Er zijn grofweg drie manieren om deze systeemvernieuwing in en uit te voeren. Eén: we creëren een visie op hoofdlijnen, houden ons niet alleen vast aan het Budgettair Kader Zorg, maar ook aan kostenplafonds per sector en persen met kracht de visie door de keel van de zorgverzekeraars, zorgverleners en –professionals. Twee: we volgen een van te voren uitgewerkt, zorgvuldig, stapsgewijs proces, waarbij we een pas op de plaats maken als het blijkt dat er een designfout in ons plan zat. Drie: we creëren alleen een visie op hoofdlijnen en beperken ons tot wetgeving die per sector gedifferentieerde bekostigingsregels neerzet en ondergrenzen stelt aan veiligheid, kwaliteit en toegankelijkheid en… that’s it.
Financiële problemen
We doen één, dat is duidelijk. En als optimist denk ik dat het gaat werken, al zullen velen dat optimisme niet delen. Echter, het drukt de zo benodigde innovatie van ZBCs de kop in en het bemoeilijkt noodzakelijke uitbreiding en vernieuwing van zorg van binnenuit. Om nog maar te zwijgen van alle financiële problemen zoals werkkapitaaluitdagingen, onduidelijkheid over bekostiging, geen goedkeuring accountant en te weinig financiering door banken.
Aantrekkelijk
Velen willen scenario twee en dat klinkt ook aantrekkelijk. Echter, centralistische planning van dit soort complexe systemen, of überhaupt een nationaal industriebeleid, kent weinig succesverhalen. Het is langzaam, kent altijd onbedoeld verkeerde incentives en werkt het ondoelmatig aanwenden van budgetten in de hand. En dus is het waarschijnlijk dat ook in de gezondheidszorg een succesvolle, van boven opgelegde grand strategy een utopie zou blijken.
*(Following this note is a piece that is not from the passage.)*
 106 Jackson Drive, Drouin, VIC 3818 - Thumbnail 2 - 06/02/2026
Drie is eng: het vraagt durf om los te laten. En onvermijdelijk zullen er fouten worden gemaakt. Maar zoals te zien is aan de bewust eufemistisch gecommuniceerde beleidsafbakening dat de overheid ‘de continuïteit van cruciale zorg waarborgt’, is het wel degelijk mogelijk centraal voorwaarden en grenzen te definiëren en het daar dan bij te laten.
Sneller
Als de minister en de regulatoire instanties in het algemeen nu ook het budgettair kader rondom de ZBCs zouden loslaten, niet langer boetes zouden uitdelen voor in niemandsland gemaakte afspraken over behandelingen waarvoor destijds geen DBCs bestond, enzovoort, dan vernieuwt het systeem zich zelf. En veel sneller dan nu.
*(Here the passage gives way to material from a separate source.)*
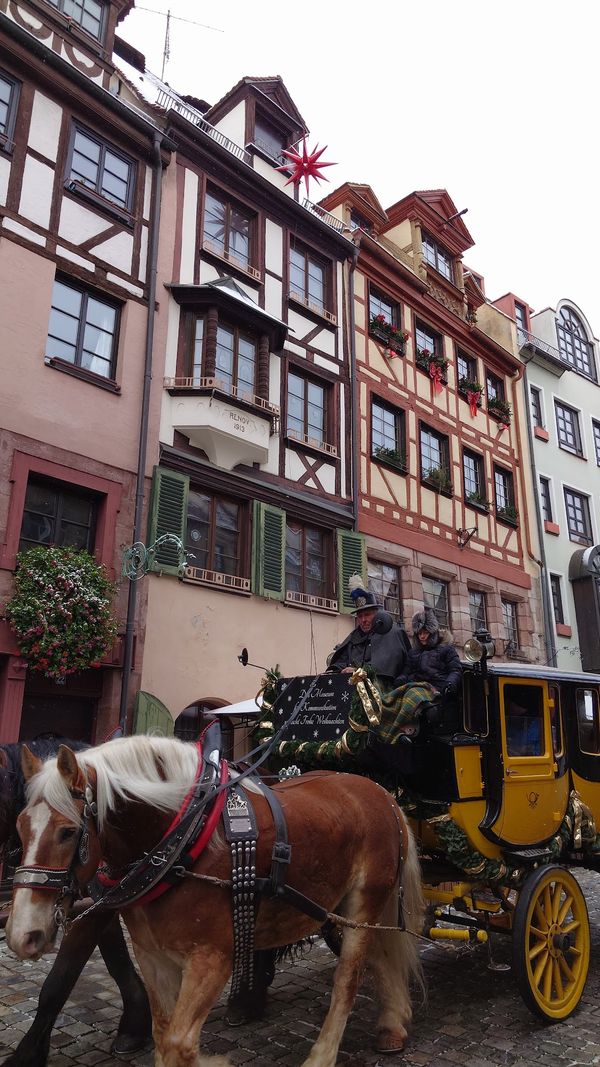 Schlendere durch malerische Gassen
Disruptive innovations, of in goed Nederlands baanbrekende vernieuwingen, maken processen of producten eenvoudiger, goedkoper en toegankelijker: de lopendeband-productie van de T-Ford maakte de automobiel voor het grote publiek bereikbaar, het internet maakt het eenvoudig en goedkoop een vlucht naar de VS te boeken en daar een huurauto klaar te laten staan en éénpunts-ECG-meters zo groot als een pleister maken het mogelijk om op afstand en elk moment van de dag de hartslag te monitoren.
Vermomming
De snelheid en het potentieel van baanbrekende vernieuwingen zijn enorm. Echter, baanbrekende vernieuwing komt vaak in vermomming. In het begin is een éénpunts-ECG-meter niet zo goed als een goed gemaakt driepunts-ECG. Vernieuwing wordt vaak in de kiem gesmoord door gevestigde belangen van artsen, verpleegkundigen, verzekeraars, bestuurders. Hoe herkennen we deze nuttige en nodige innovaties en hoe gaan we om met de tegengestelde belangen? Vragen waarover we met elkaar in discussie moeten. Feit is dat als we het systeem willen verbeteren, we ruimte moeten scheppen voor baanbrekende innovaties.